The cultural implications of place and dislocation are explored in two of Prospect.3's major influences, Paul Gauguin, whose near-anthropological Tahitian paintings anticipated the advent of multiculturalism, and Walker Percy, whose 1961 National Book Award-winning, New Orleans-based novel, The Moviegoer, explored the sense of psychological displacement that resulted from the impact of social and technological change on America's traditional sense of identity. Percy's response was his notion of "the search," which he saw as a quest for meaning in an increasingly unsettled world. That search for meaning had earlier been articulated in the title of Gauguin's iconic painting, Where Do We Come From? What Are We? Where Are We Going?, which appeared at a pivotal time, when obscure and distant lands were first opening up to Europe and America. To more fully appreciate the underlying sensibilities of the more than 50 established and emerging international artists represented in Prospect.3, it helps to realize we are at another pivotal point in history as the formerly underdeveloped nations in Asia, Africa and the Caribbean-Latin American region assert themselves culturally and economically. The art world is starting to shift on its axis as a result. Prospect.3 reflects the changes now taking place in the global art world.

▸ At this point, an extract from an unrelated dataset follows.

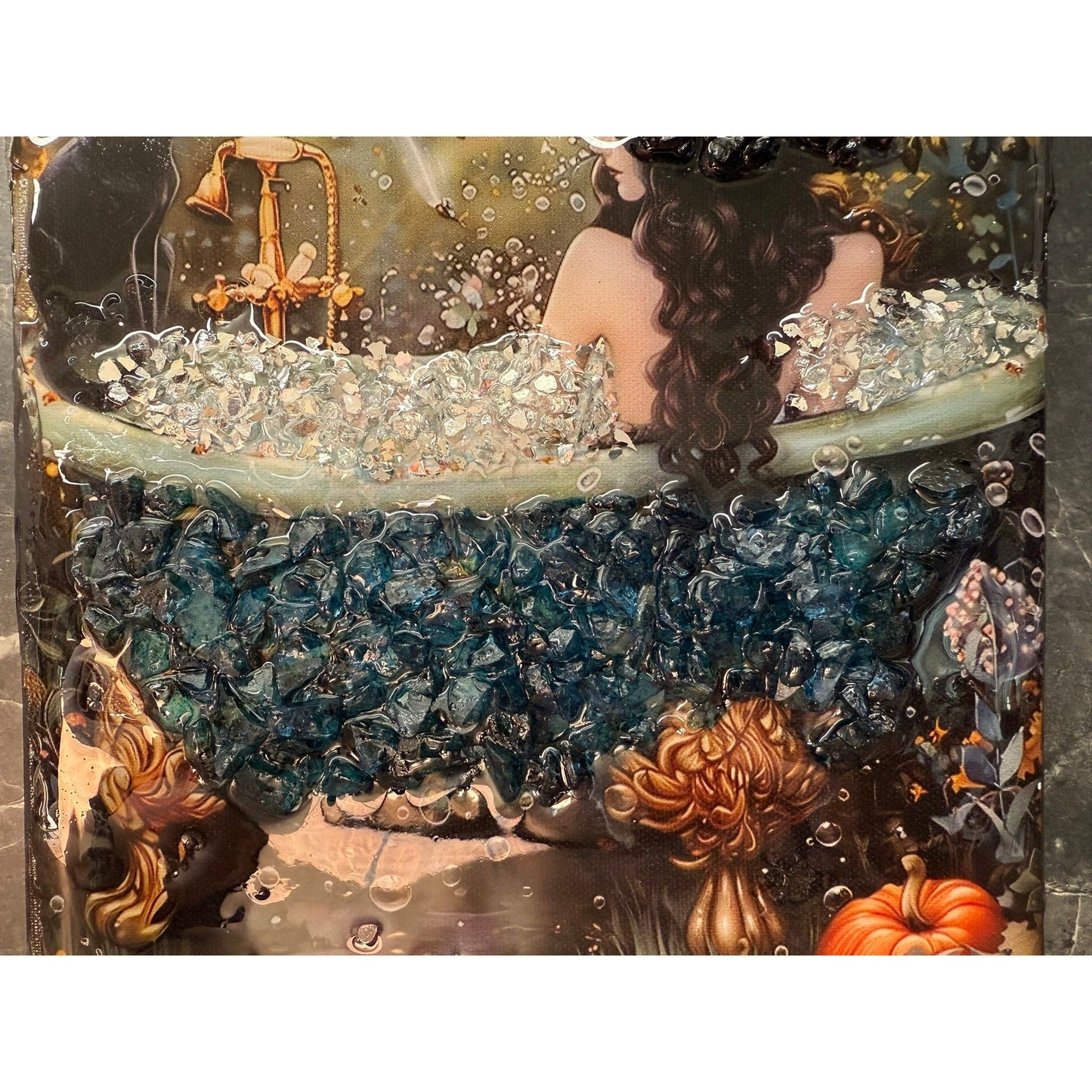 Bubble Bath Witch Decor, Spooky Resin Frame with Crushed Glass, Witchy Bathroom Art, Unique Gift for Witch Lovers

Because New Orleans was always the paradoxical other among American cities — a place that birthed uniquely American cultural expressions such as jazz, R&B and Creole cuisine while remaining America's most exotic and "foreign" city — it is a place that has much in common with the emerging nations that have long symbolized the other to many Europeans and North Americans. In Prospect.3, that sense of otherness turns up in some big name expos like Basquiat and the Bayou, a series of Haitian-American art superstar Jean-Michel Basquiat's later works inspired by New Orleans and the South, as well as a thematically related series by contemporary art star Carrie Mae Weems that builds on her earlier Louisiana Project themes. Also represented are established yet under-recognized figures like native New Orleans abstract expressionist Ed Clark — a pioneer of shaped canvases whose Gulf/Caribbean color palette sent a jolt of electricity through austere mid-20th-century modernism — as well as others long recognized in their homelands yet still largely excluded from our leading art history books. All were products of Prospect.3's search for meaning in the shifting sands of global culture, a search that now imbues it with the potential to become a catalyst for how 21st century art is perceived.